What the task asks
Pictures stay out of the output. Return exactly the lines below from the one with "Temple Tree Hexagon" down to the one with "Ornements de ballon", both included, and nothing more.

Entries supplied
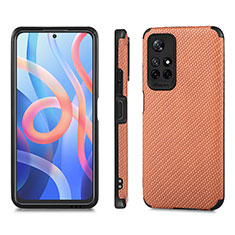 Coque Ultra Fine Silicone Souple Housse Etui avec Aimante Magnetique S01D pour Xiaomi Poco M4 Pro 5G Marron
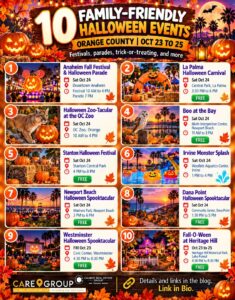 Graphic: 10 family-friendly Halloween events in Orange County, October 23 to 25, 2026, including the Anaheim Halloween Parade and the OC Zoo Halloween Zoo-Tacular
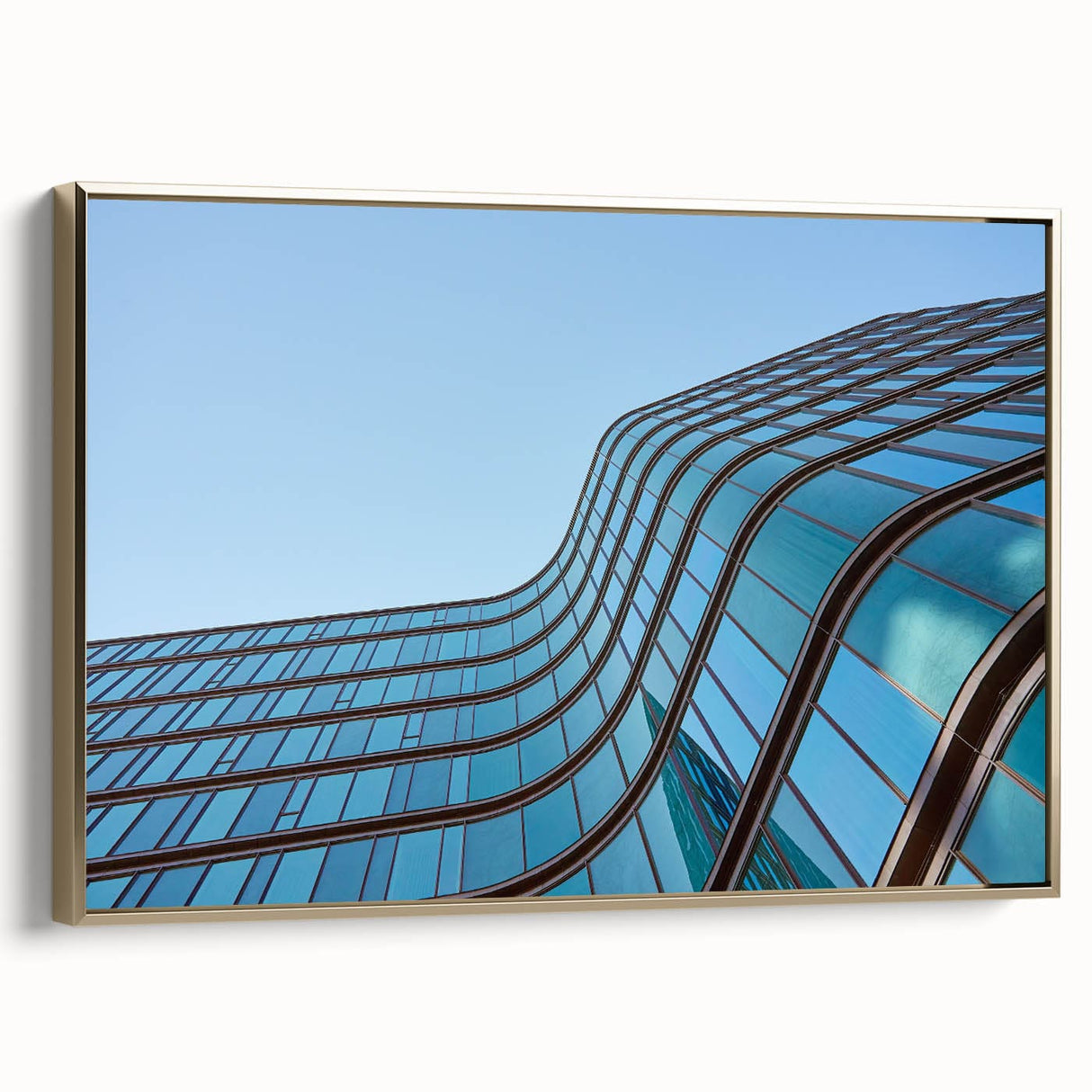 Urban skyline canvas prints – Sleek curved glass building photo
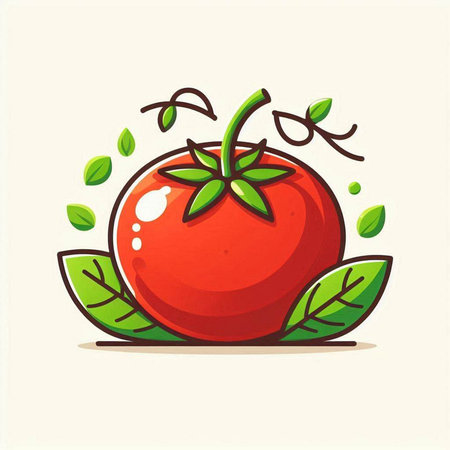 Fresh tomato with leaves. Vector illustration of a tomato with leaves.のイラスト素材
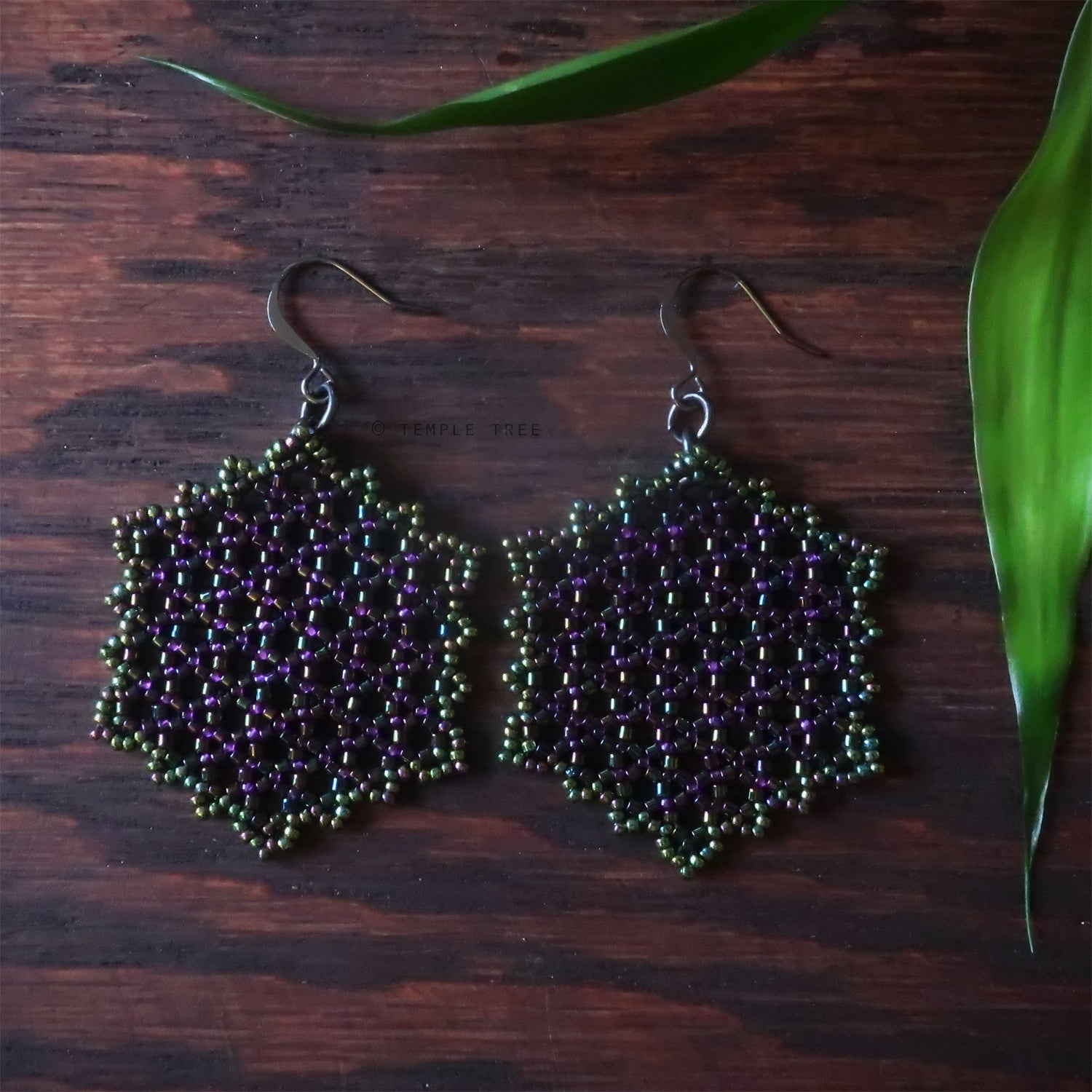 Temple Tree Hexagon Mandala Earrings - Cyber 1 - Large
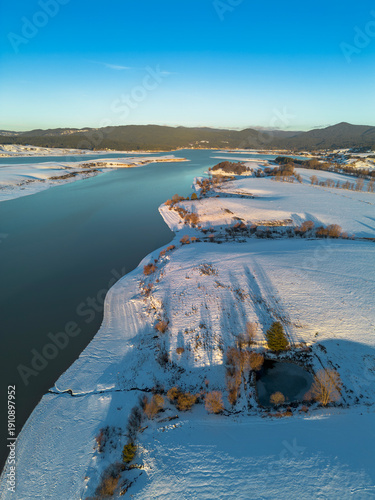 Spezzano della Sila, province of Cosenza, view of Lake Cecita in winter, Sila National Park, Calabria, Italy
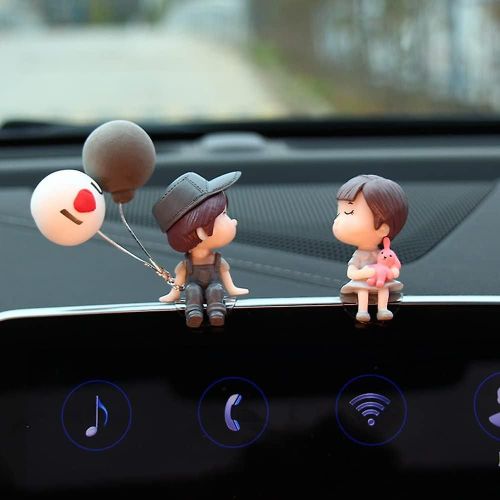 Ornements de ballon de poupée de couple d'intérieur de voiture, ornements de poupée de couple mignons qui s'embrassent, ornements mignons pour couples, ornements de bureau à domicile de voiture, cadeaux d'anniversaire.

--

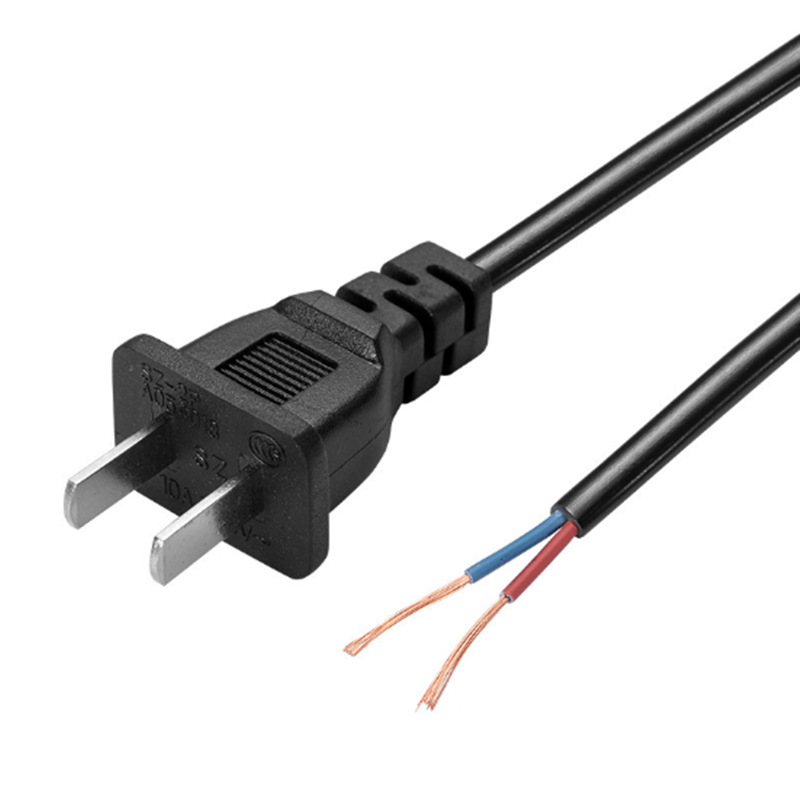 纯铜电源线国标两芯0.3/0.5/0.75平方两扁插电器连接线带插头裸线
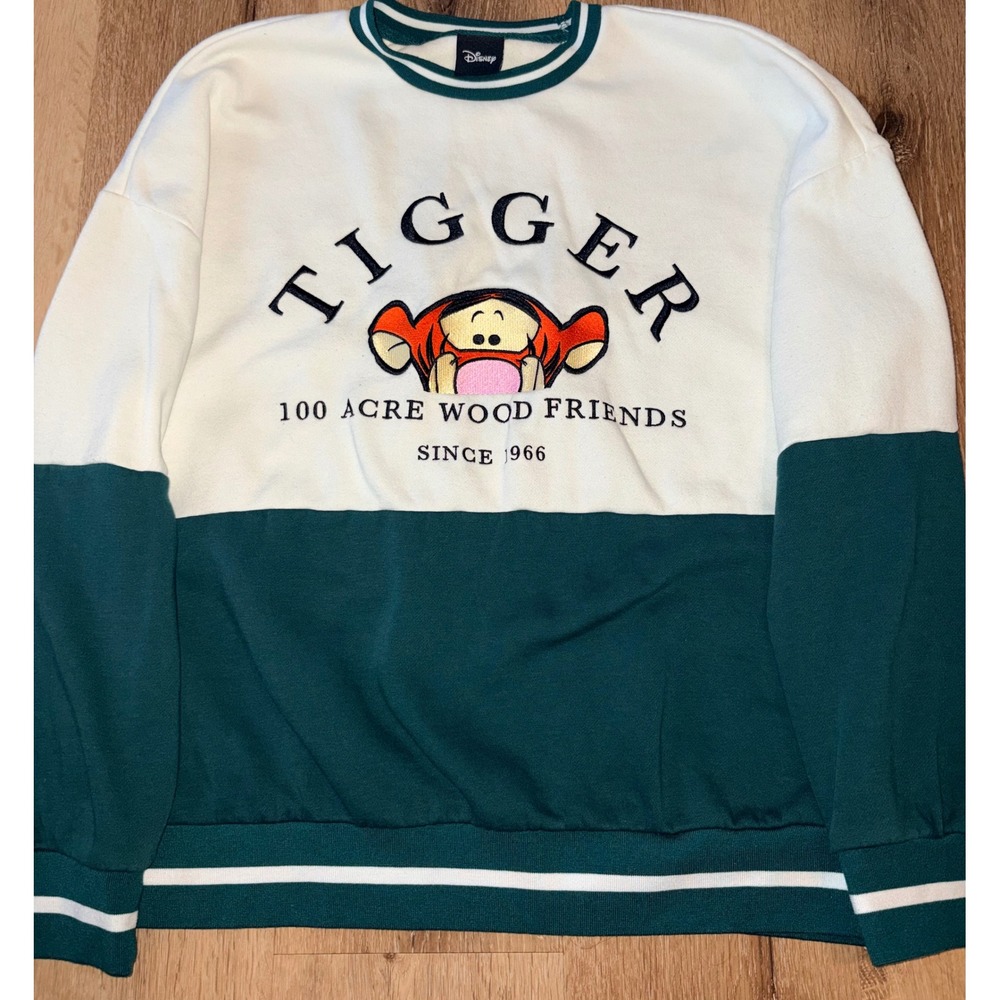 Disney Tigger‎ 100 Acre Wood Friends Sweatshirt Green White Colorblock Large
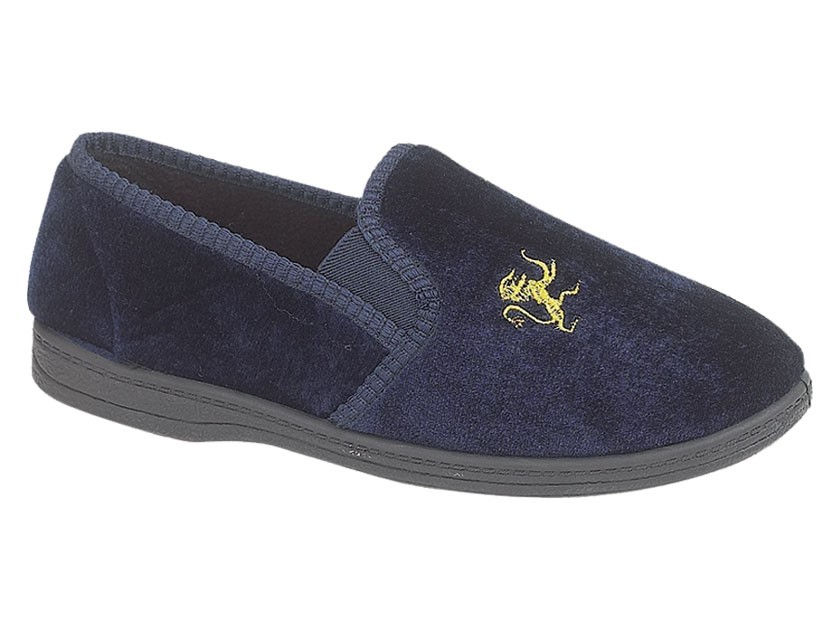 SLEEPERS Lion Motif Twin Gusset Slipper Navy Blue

Solution for this exercise
 Temple Tree Hexagon Mandala Earrings - Cyber 1 - Large
 Spezzano della Sila, province of Cosenza, view of Lake Cecita in winter, Sila National Park, Calabria, Italy
 Ornements de ballon de poupée de couple d'intérieur de voiture, ornements de poupée de couple mignons qui s'embrassent, ornements mignons pour couples, ornements de bureau à domicile de voiture, cadeaux d'anniversaire.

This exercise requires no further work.